We scanned 15,000 MCP servers. Here's where our scanner breaks down.

SpiderRating Research·April 7, 2026·5 min read

MCPSecurityResearchFalse PositivesGround TruthAI ToolsStatic Analysis

We run SpiderRating, an open-source security scanner for MCP (Model Context Protocol) servers. Over the past month, we scanned 15,674 MCP servers and skills using static analysis (46 rules + YARA supply chain patterns) and built a calibration database of 10,970 manually verified findings.

Here's what surprised us -- and where we got it wrong.

Our scanner is least accurate on security tools

We grouped MCP servers by purpose and compared our scanner's accuracy. Security-themed servers -- scanners, firewalls, pentest tools, CTF challenges -- had a 2.05x higher false positive rate than the rest of the ecosystem.
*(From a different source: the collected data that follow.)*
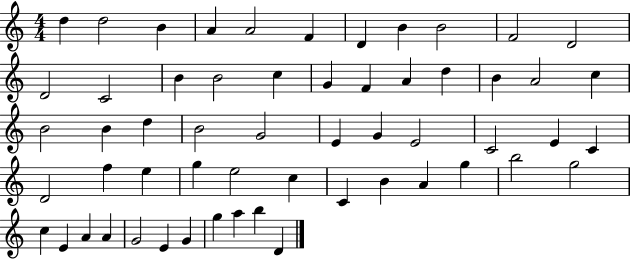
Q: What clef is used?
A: treble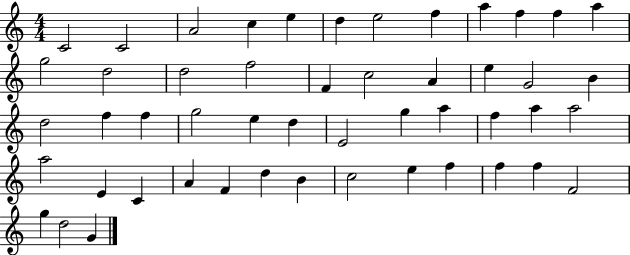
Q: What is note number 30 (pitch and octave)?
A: G5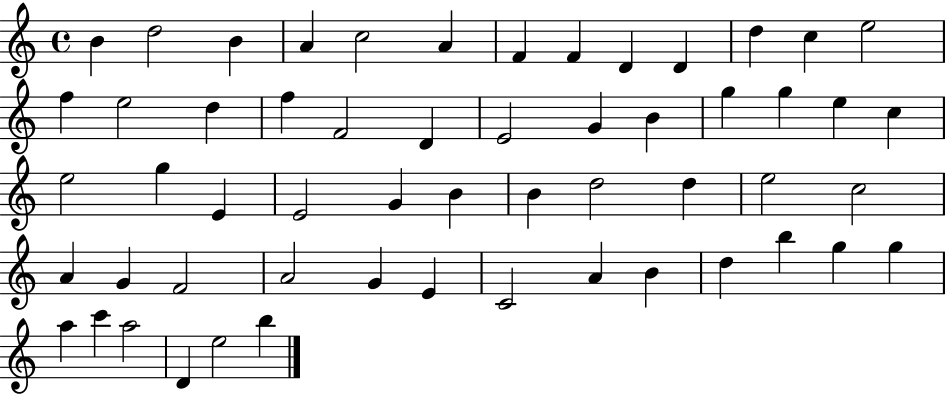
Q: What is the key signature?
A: C major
Group	FP rate	Real vulns per repo	Sample
Security-themed MCP servers	55.5%	1.6	226 FP / 181 TP across 110 repos
Everything else	27.0%	1.8	2,855 FP / 7,708 TP across 4,213 repos

To be clear: security tools don't have more real vulnerabilities. They actually have slightly fewer (1.6 vs 1.8 true positives per repo). The problem is that our scanner produces far more noise on them.

Why? Security tools legitimately contain attack patterns in their source code. A scanner's detection rules look identical to the patterns it's detecting. An MCP firewall's test suite contains the exact exploit payloads it's supposed to block. Our regex-based scanner can't distinguish "code that detects SQL injection" from "code that is vulnerable to SQL injection."

The extreme case: cisco-ai-defense/mcp-scanner triggered 145 false positives against only 1 true positive (99.3% FP rate). Its code is full of injection patterns -- because detecting injection patterns is what it does.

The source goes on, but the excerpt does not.